L’expert qui examine l’enfant note que ses capacités cognitives sont intactes mais qu’elle risque d’être gênée par la fatigabilité et la lenteur due au traumatisme crânien. Il réserve donc son appréciation du préjudice professionnel en attendant la fin des études.

 

Une indemnisation dix fois supérieure à celle obtenue en première instance

Des années plus tard, le tribunal fixe l’indemnisation totale de la victime à la somme de 298.857 euros. Cette dernière fait appel. Et la Cour d’appel de Poitiers condamne l’automobiliste responsable et son assureur à payer à la victime la somme de 2.130.818 euros. Dix fois le montant des indemnités fixées en première instance !

Que s’est-il passé ? Le juge d’appel a constaté que la victime avait échoué dans toutes ses études pour devenir diététicienne.  Il a constaté que, selon des examens récents, la jeune fille était incapable de se concentrer plus de deux heures par jour.  Il a relié ces échecs et cet état aux observations initiales de l’expert de l’expert sur les séquelles du traumatisme crânien. Et la cour a conclu à « une incapacité avérée d’exercer une activité professionnelle correspondant à celle qu’elle aurait dû normalement exercer ».

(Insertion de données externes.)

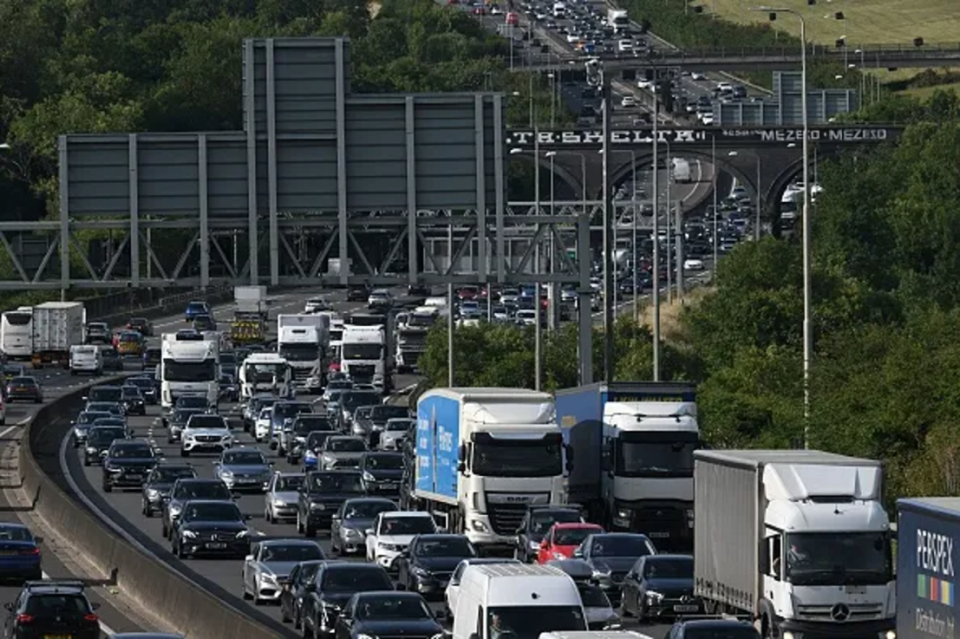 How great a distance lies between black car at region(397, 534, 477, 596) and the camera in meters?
45.8

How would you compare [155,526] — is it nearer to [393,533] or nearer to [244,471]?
[244,471]

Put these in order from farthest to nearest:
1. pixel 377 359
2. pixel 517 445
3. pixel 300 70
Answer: pixel 377 359 < pixel 300 70 < pixel 517 445

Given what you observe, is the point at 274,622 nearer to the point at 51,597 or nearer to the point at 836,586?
the point at 51,597

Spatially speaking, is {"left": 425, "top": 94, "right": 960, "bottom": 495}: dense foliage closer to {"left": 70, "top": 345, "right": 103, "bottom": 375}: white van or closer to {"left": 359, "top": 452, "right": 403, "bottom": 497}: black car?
{"left": 359, "top": 452, "right": 403, "bottom": 497}: black car

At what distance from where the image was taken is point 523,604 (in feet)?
112

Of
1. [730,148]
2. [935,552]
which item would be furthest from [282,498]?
[730,148]

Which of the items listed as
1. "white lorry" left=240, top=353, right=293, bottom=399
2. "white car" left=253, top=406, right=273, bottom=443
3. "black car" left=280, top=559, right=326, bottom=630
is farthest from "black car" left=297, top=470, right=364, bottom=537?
"white lorry" left=240, top=353, right=293, bottom=399

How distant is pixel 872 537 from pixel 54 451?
172 feet

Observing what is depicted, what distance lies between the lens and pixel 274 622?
43.8 metres

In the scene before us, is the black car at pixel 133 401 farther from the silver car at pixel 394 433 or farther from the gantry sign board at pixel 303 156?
the gantry sign board at pixel 303 156

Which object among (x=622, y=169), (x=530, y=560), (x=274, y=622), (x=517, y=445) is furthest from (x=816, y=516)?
(x=622, y=169)

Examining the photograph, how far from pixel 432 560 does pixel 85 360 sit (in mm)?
81097

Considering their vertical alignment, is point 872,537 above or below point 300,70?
below

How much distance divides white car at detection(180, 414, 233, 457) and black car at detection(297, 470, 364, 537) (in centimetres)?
2120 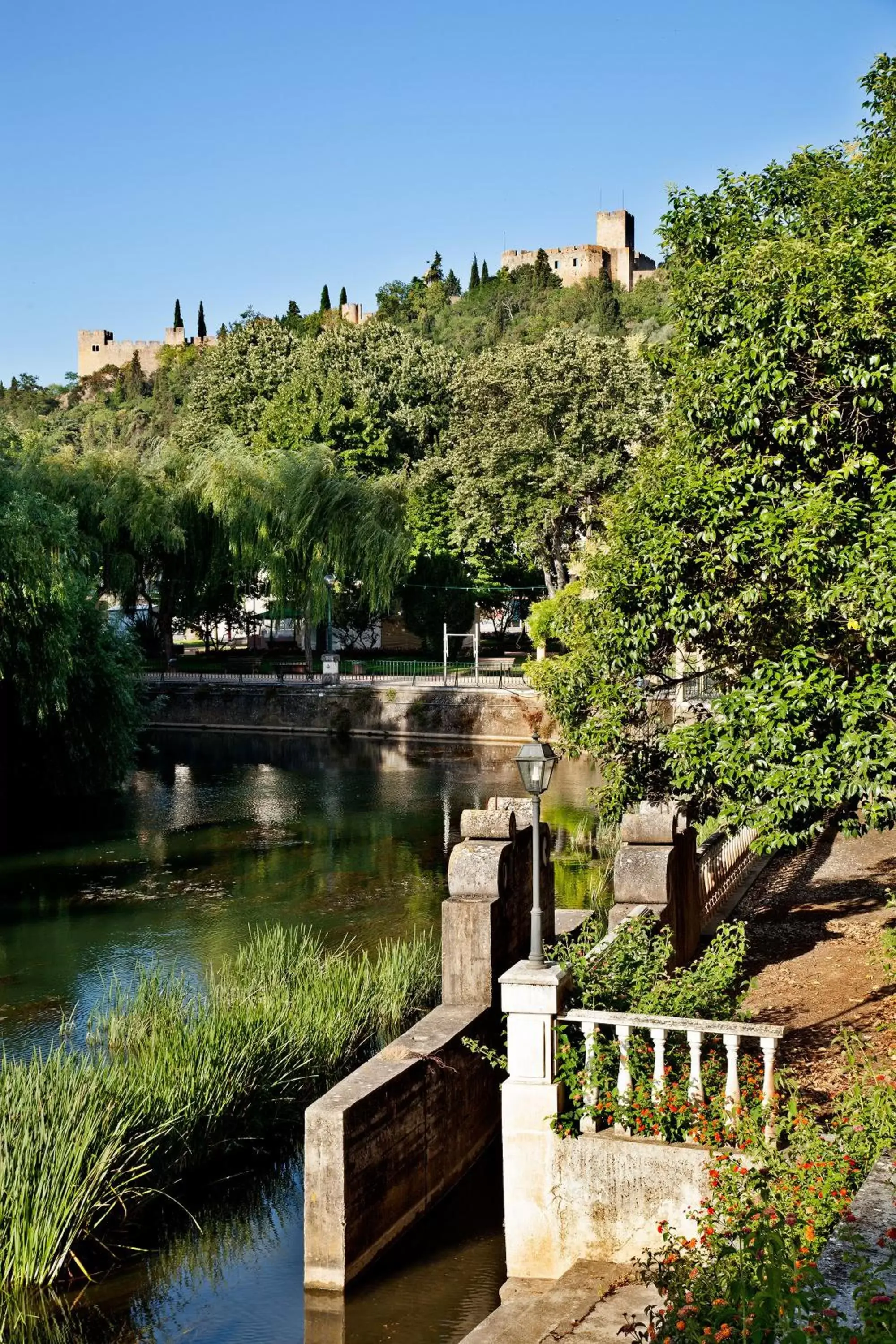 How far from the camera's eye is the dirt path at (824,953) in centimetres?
878

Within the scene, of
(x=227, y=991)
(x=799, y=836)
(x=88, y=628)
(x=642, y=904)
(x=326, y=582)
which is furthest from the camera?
(x=326, y=582)

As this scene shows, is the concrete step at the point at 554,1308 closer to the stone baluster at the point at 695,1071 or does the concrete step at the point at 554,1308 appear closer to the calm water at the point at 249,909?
the stone baluster at the point at 695,1071

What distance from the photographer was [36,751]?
25.0 meters

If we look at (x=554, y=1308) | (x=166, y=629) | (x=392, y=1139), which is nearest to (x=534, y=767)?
(x=392, y=1139)

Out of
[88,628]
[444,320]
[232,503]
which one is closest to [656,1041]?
[88,628]

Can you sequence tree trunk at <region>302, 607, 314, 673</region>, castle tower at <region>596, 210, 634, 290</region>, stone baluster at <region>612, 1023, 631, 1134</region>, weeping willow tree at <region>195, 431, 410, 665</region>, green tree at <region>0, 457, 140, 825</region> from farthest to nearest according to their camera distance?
castle tower at <region>596, 210, 634, 290</region> < tree trunk at <region>302, 607, 314, 673</region> < weeping willow tree at <region>195, 431, 410, 665</region> < green tree at <region>0, 457, 140, 825</region> < stone baluster at <region>612, 1023, 631, 1134</region>

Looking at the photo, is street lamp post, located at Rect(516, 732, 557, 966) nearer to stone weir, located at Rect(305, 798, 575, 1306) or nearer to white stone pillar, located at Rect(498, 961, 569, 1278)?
white stone pillar, located at Rect(498, 961, 569, 1278)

Pour chiffrer la perte de gains professionnels, le juge d’appel a pris un revenu mensuel de 2.000 euros, correspondant à la rémunération nette moyenne d’une diététicienne. Résultat après capitalisation : 1.522.104 euros. Et pour faire bonne mesure la cour d’appel a rajouté 100.000 euros pour indemniser la dévalorisation sociale d’une victime qui se retrouve incapable de s’insérer dans la vie socio-professionnelle.

 

Les pertes de gains futurs d’un enfant de dix ans ne sont pas hypothétiques

A la lecture de l’arrêt d’appel, les assureurs s’étranglent. Pour eux, le préjudice professionnel d’un enfant de 10 ans au moment de l’accident ne peut être qu’une perte de chance. Et ils soutiennent, en cassation, que vouloir devenir diététicienne ne peut pas être assimilé au fait d’être une diététicienne. On ne peut pas raisonnablement calculer la perte de gains futurs comme si la victime avait réussi ses études : il faut réduire l’indemnisation par un coefficient d’incertitude. Et on ne peut pas déduire de l’échec de ses études, une totale impossibilité de travailler

La Cour de cassation balaie aujourd’hui ce beau raisonnement. Elle dit que le juge a parfaitement tiré les conclusions de ses constatations et qu’il a exercé « son pouvoir souverain d’appréciation des éléments de preuve débattus contradictoirement ». L’accident subi dans la dixième année prive bien la victime de « toute possibilité d’exercer une activité professionnelle ».

 

Une décision importante pour les victimes d’un traumatisme crânien

Les assureurs ont perdu la bataille et cette défaite est importante pour toutes les jeunes victimes qui doivent se débattre avec un avenir brisé. La juridiction suprême a affirmé que le préjudice professionnel subi par un enfant âgé de dix ans au moment de l’accident n’était pas hypothétique. Et même si on veut le qualifier de perte chance, c’est un préjudice qu’on ne peut, en aucune façon, minimiser.

Il n’y a pas d’incertitude sur les études qu’a menées la victime pour tenter de réaliser son projet professionnel. Il n’y a pas d’incertitude dans le lien entre les séquelles de l’accident et l’échec de ces études. Il n’y a donc aucune incertitude sur son préjudice. Et aucune raison d’invoquer une incertitude pour le réduire.

En confirmant la conclusion du juge d’appel, la Cour de cassation a montré que la réparation des préjudices d’un enfant de dix ans ne peut pas être une réparation au rabais. Cette manœuvre fréquente des assureurs peut être désormais efficacement combattue. Et les victimes ont tout intérêt, pour défendre leurs droits, à se rapprocher d’un avocat spécialisé.